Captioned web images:
--- START ---

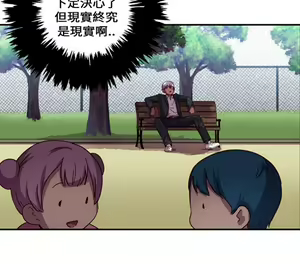 Page 56 of H校园 第一季1-10 ch. - preview thumbnail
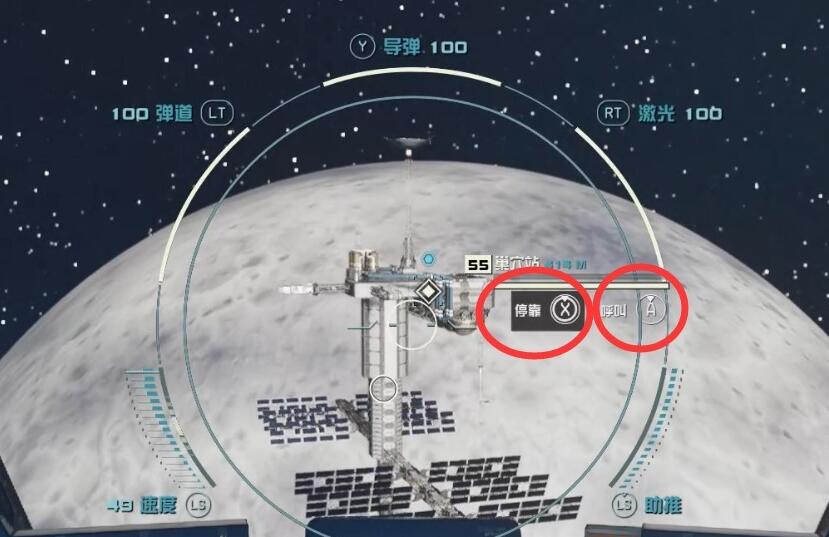 星空飞船怎么停靠[Starfield飞船空间站停靠方法]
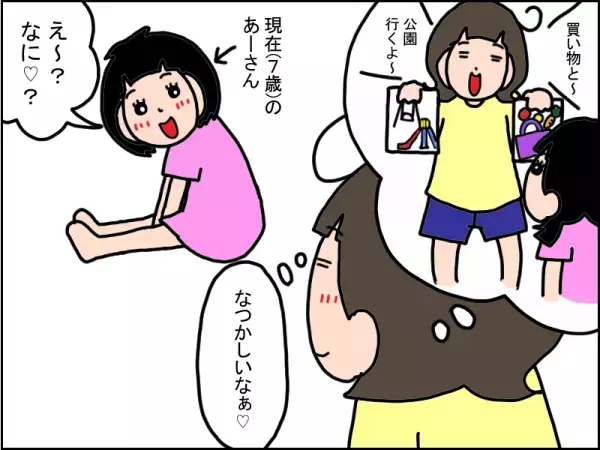 発達障害の長女になかったイヤイヤ期。二人目育児で気づいた、それぞれの個性の楽しみかた♡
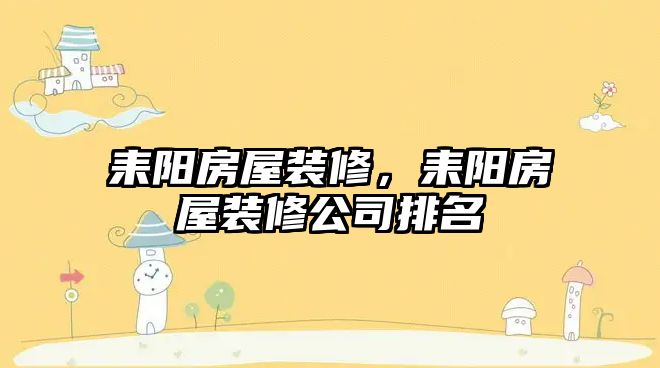 耒陽房屋裝修，耒陽房屋裝修公司排名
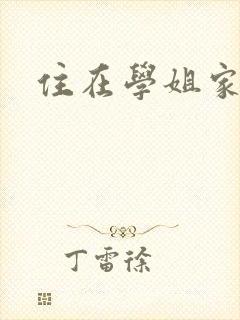 住在学姐家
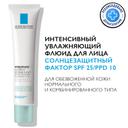 La Roche-Posay Hydraphase UV Флюид солнцезащитный увлажняющий для обезвоженной кожи SPF 25 40 мл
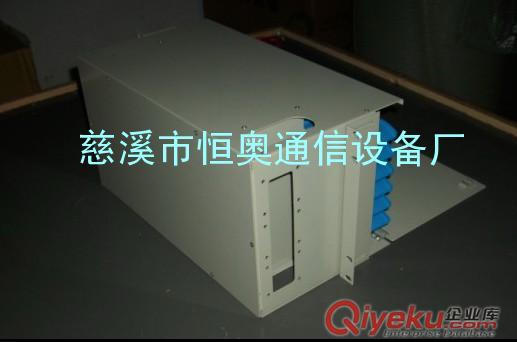 ODF單元箱，24芯ODF單元箱，48芯ODF單元箱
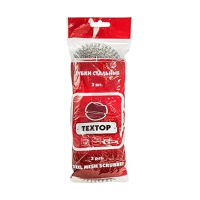 Спираль очищающая Textop металлическая, 3шт/уп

--- END ---

Task goal:
Leave the pictures out. Extract exactly the lines running from the one with "ODF單元箱，24芯ODF單元箱，48芯ODF單元箱" through the last entry, both ends included.

Written solution:
 ODF單元箱，24芯ODF單元箱，48芯ODF單元箱
 Спираль очищающая Textop металлическая, 3шт/уп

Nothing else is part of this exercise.